*INFORMATION SHOWN*.

[Start of section]

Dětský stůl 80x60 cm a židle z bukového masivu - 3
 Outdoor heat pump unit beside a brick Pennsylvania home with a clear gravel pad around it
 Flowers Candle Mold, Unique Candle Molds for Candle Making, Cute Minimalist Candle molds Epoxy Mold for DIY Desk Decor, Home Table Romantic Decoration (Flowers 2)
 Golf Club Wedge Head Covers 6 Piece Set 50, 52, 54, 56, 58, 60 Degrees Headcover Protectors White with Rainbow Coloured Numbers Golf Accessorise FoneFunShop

[End of section]

*YOUR GOAL*.
In the listing above, find the line containing "Outdoor heat pump"; that line and every line after it, through the last, are to be retyped exactly.

*TASK RESULT*.
 Outdoor heat pump unit beside a brick Pennsylvania home with a clear gravel pad around it
 Flowers Candle Mold, Unique Candle Molds for Candle Making, Cute Minimalist Candle molds Epoxy Mold for DIY Desk Decor, Home Table Romantic Decoration (Flowers 2)
 Golf Club Wedge Head Covers 6 Piece Set 50, 52, 54, 56, 58, 60 Degrees Headcover Protectors White with Rainbow Coloured Numbers Golf Accessorise FoneFunShop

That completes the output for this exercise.